# This Week's Finds in ACT - April 25th

I wrote a long post on one of the papers I read this week: Example of my reading process: Cellular sheaves of lattices and the Tarski laplacian. See that post for the details!

Some other stuff:

## Jade Master: The Open Algebraic Path Problem

This paper came out in 2020, so it’s practically ancient history. But it’s really cool! It’s about

- The problem of finding a path between two vertices on a graph
- An algebraic generalization of this where you replace “graph” by more exotic things (the “algebraic path problem”)
- An
*open*generalization of this where you build your (generalized) graph by gluing together smaller examples.

The basic algebraic structure is a *quantale* - an ordered set equipped with a binary operation (compatible with the order), which has all joins.
Some basic examples:

- \(\{0 \leq 1\}\) with the operation \(\vee\) (OR). Here the algebraic path problem detects the existence of a path from one vertex to another.
- \([0,\infty]\) equipped with \(+\) and given the
*reverse*order (so join = infimum). In this case the algebraic path problem finds the length of the*shortest*path (\(\infty\) if there is no path).

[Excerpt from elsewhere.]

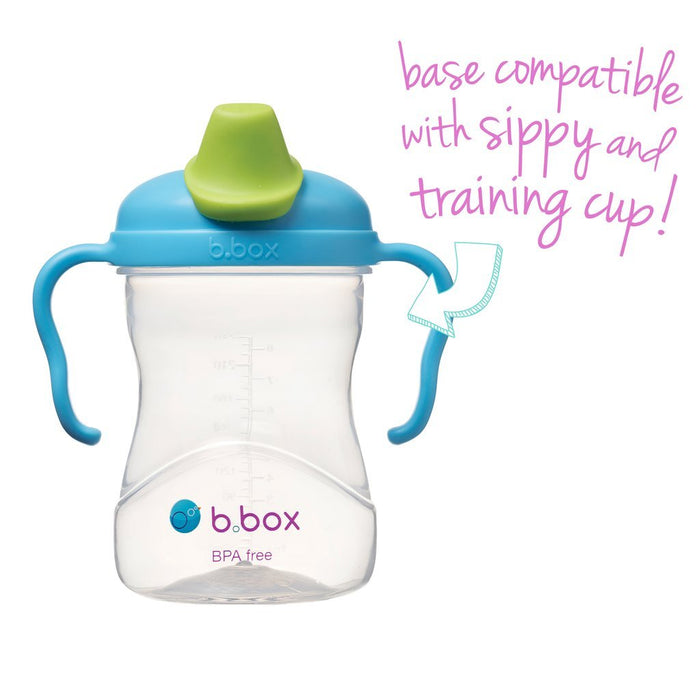 b.box Spout Cup - Blueberry | Baby Box | NZ Baby Shop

The first observation is that this boils down to computing the pointwise join \(\bigvee_i M^i\) of all the powers of the adjacency matrix corresponding to a graph - where we simply *define* a “graph over a quantale” to be such an adjacency matrix. If the quantale is \(\{0,1\}\), this is a graph in the usual sense, each edge is either there or not. If the quantale is \([0,\infty]\), each edge has a certain length (which may be infinite to denote “no edge”). Thus we have “the algebraic path problem”.

The second observation is that you can “glue graphs together” by taking pushouts in a certain category of matrices, and this respects the computation of the paths above. There is a lot of very nice category theory in this.

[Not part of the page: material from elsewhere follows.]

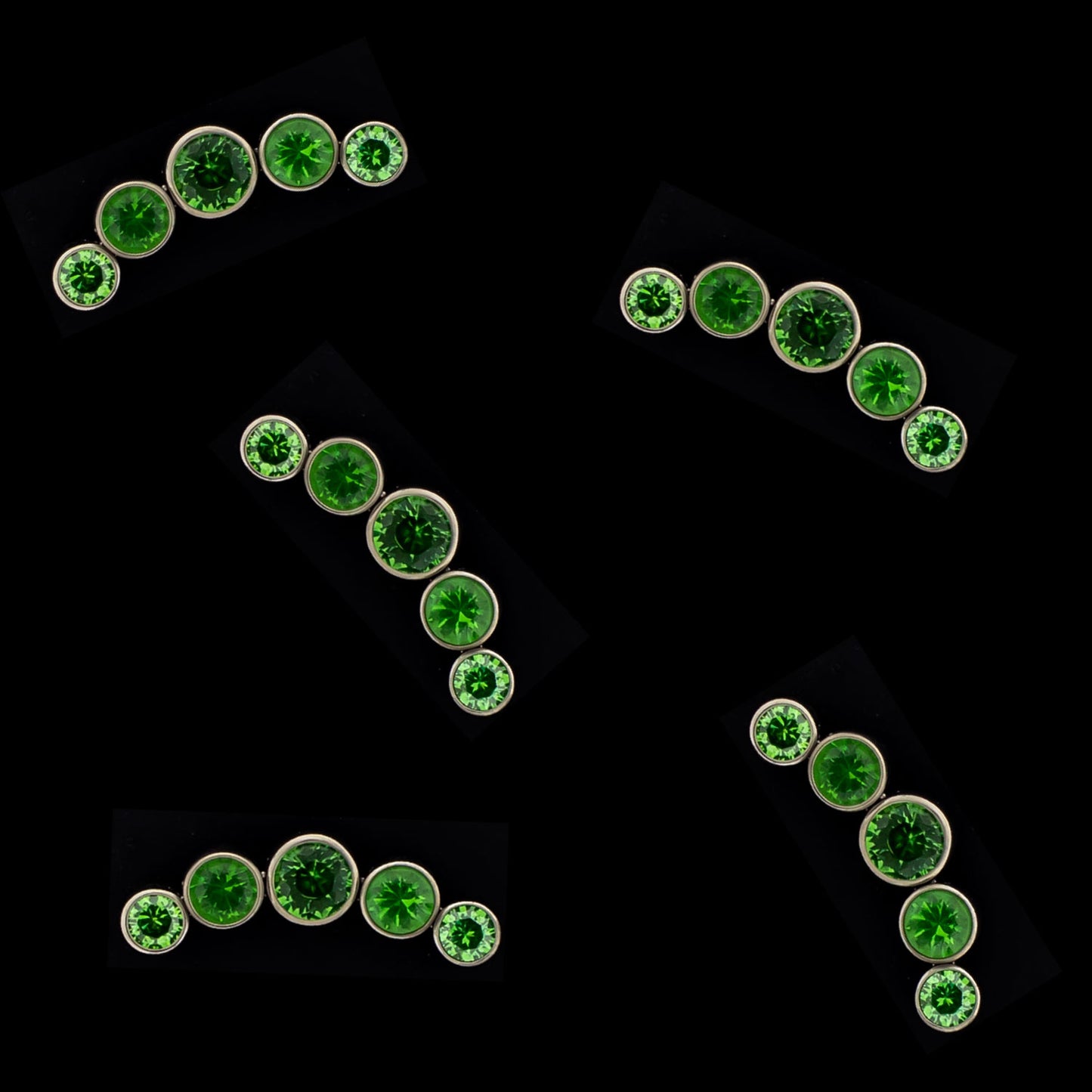 Lux - Premium Zirconia Threadless - Khrysos Jewelry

## Tom Leinster: The Magnitude Of Metric Spaces

This is an even older paper, which spawned a lively field of research (see eg here and here). This is about associating an invariant called *magnitude* to metric spaces, which measures their “size” in a kind of hard-to-understand way:

- The magnitude of a finite set of points, all at distance \(\infty\), is the number of points
- As the distances go to zero, the magnitude converges to one (in the above case of finitely many points)
- The magnitude of the interval \([0,t]\) is \(1 + t/2\).

I don’t think I really understand this stuff deeply, but it’s very interesting!